All That Money Can Buy is also filled with impressive practical effects, not least Scatch’s impossible catching of an axe thrown towards him, bursting it into frame. Both Scratch and Bell reduce papers to flaming ashes with a flick of the wrist. Horribly woozy soft-focus camera work accompanies Jabez’s nightmare visions of the damned. It’s tightly and skilfully edited, superbly paced, with montages used effectively for transitions (a field of corn growing is particularly striking) and wildly unnerving sequences, like Scratch’s fast-paced barn-dance with its whirligig of movement and repeated shots.

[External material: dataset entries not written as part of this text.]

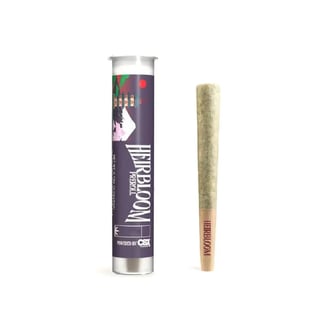 Heirbloom: Master Kush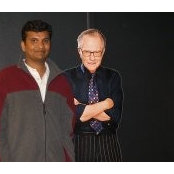 Photo de Sriram Rajaram
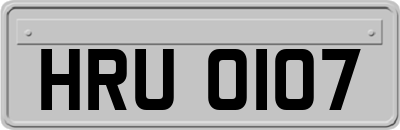 HRU0107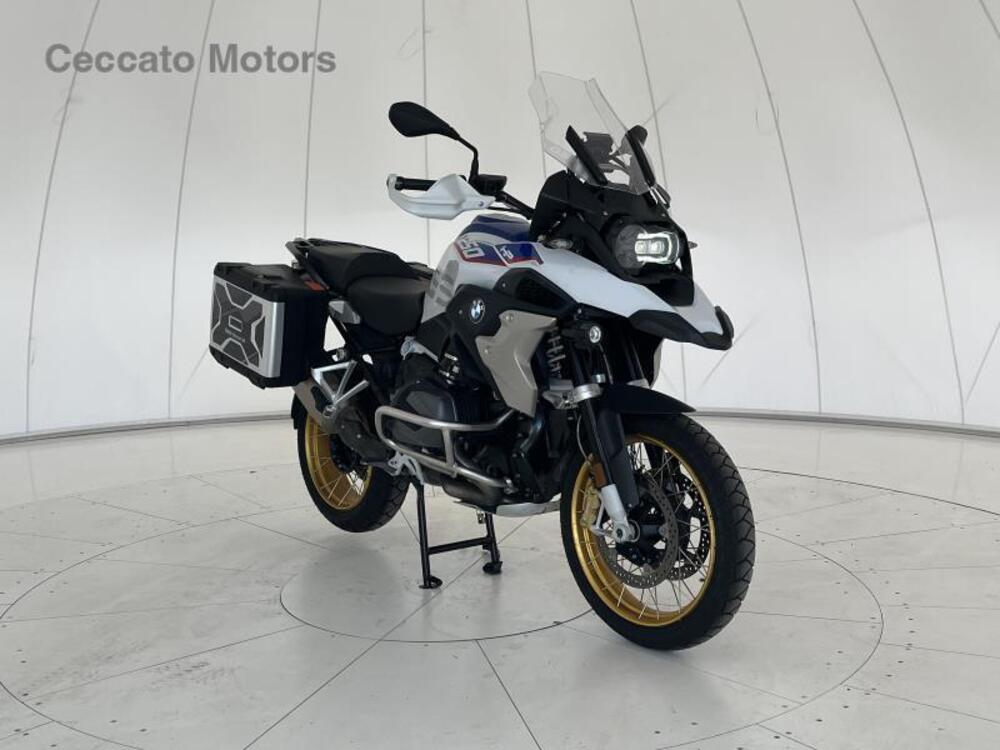 Bmw R 1250 GS (2019 - 20)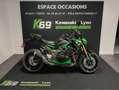 Kawasaki Z 900 Schwarz - thumbnail 1
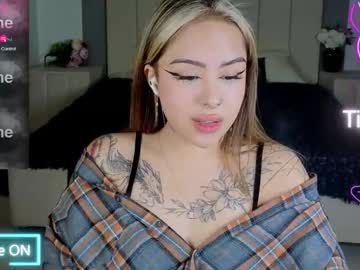 Kim_Brownie stream photo from September 17, 2025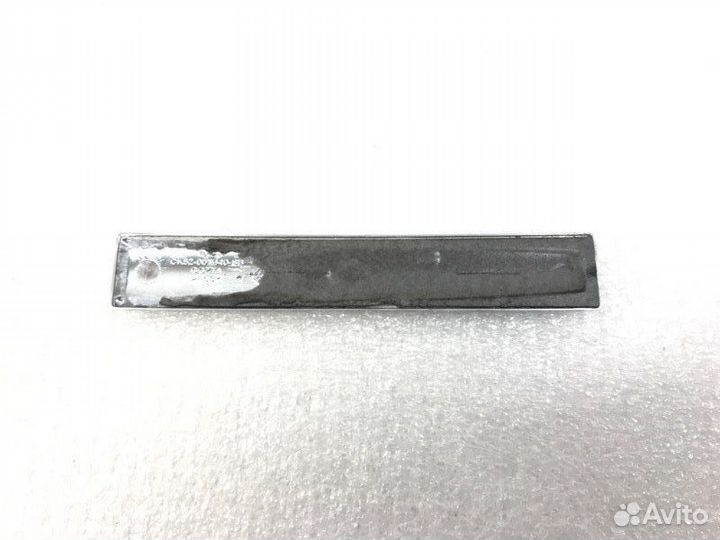 Эмблема Land Rover Range Rover Sport L494 5.0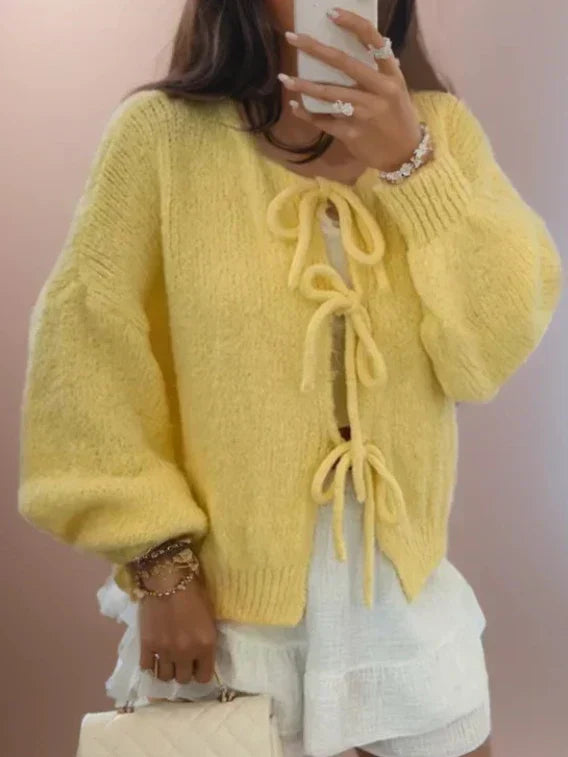 Celine | Timeless Women Cardigan for Effortless Layering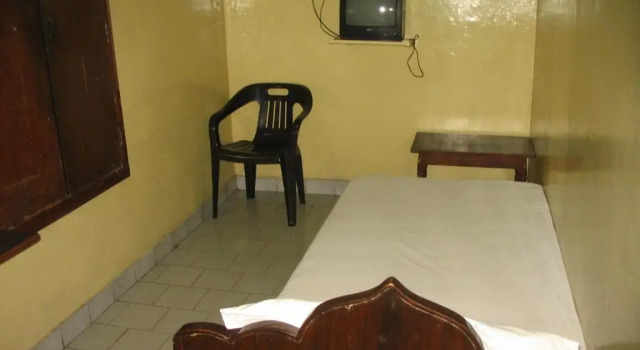 Одноместный номер Standard Vasantha Lodge Purasawalkam chennai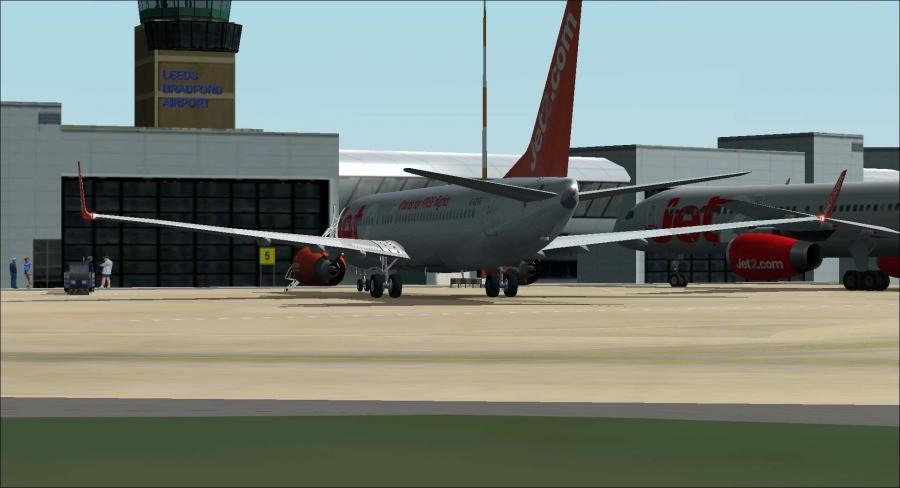 rain effects for pmdg 737 fsx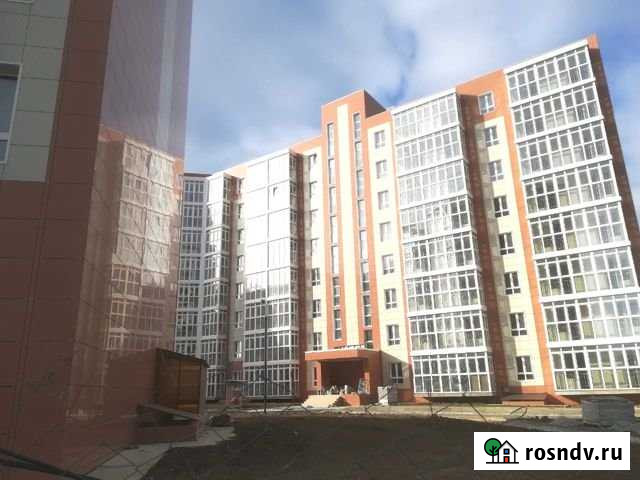 1-комнатная квартира, 37.4 м², 2/8 эт. на продажу в Анапе Анапа - изображение 1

It’s all brilliantly scored by Herrmann, from the pastoral beats of New Hampshire to the discordant sounds (some created from telephone wires) that accompany Scratch.

All That Money Can Buy concludes with a stand-out speech from Webster that perhaps settles matters a little too easily – and brushes away any of the film’s mild criticism of America’s past with a relentlessly upbeat patriotic message. But the journey there – and the performances from a superb Huston and excellent Arnold – is masterfully assembled by a crack production team working under a director at the height of his powers. A flop at the time, few films deserve rediscovery more.